Notre espace médiatique est déjà encombré de mots et d’expressions qui disent mal ou de façon partiale notre monde. Que dire de ce discours idéologique qui use de mots anglais qui s’avèrent souvent de mauvais greffons une fois francisés et qui finissent par devenir « ces mots qui pensent à notre place », comme l’a bien montré Patrick Moreau dans un ouvrage au titre éponyme de cette expression inspirée de Klemperer ?

C’est l’un des pièges que tend la mondialisation culturelle, qui promeut une langue simplifiée à outrance sous prétexte d’un discours accessible à tous. Le « globish », cet anglais mondialisé — pauvre de contenu, mais impérial de moyens —, s’impose aujourd’hui comme une langue prétendument universelle. D’aucuns — tel Philippe Van Parijs, ce philosophe et économiste belge — le prescrivent comme avancée démocratique : « La réponse au déficit démocratique de l’Europe […] est d’accélérer le processus pour que l’anglais [devienne] le moyen pour les Européens les plus pauvres de se faire entendre.
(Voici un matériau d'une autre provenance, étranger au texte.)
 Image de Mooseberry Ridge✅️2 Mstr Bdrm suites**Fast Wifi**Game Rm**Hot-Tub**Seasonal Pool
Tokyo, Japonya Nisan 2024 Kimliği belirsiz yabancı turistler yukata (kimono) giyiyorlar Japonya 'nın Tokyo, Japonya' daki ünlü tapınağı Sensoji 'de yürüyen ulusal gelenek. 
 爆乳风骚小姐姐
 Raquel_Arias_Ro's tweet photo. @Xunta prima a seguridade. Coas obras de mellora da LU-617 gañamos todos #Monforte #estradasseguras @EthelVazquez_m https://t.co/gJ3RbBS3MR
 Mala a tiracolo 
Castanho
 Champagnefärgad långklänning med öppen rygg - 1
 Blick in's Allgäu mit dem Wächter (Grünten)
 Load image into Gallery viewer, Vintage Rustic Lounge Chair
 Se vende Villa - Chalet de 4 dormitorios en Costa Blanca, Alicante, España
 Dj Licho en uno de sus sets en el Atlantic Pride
Une version approximative de l’anglais, avec un vocabulaire limité à quelques centaines de mots, suffirait », écrit-il dans The Economist sous le titre de « The Globish-Speaking Union ». 

Étrange recommandation que cet appel à une langue « approximative au vocabulaire limité à quelques centaines de mots ». Comment ne pas y voir une pauvreté rappelant la LTI ? Car, comme le note Klemperer : « [La langue du IIIe Reich] n’était pas pauvre seulement parce que tout le monde était contraint de s’aligner sur [elle], mais surtout parce que, dans une restriction librement choisie, elle n’exprimait complètement qu’une seule face de l’être humain. »

Des suggestions ? Écrivez à Robert Dutrisac : rdutrisac@ledevoir.com.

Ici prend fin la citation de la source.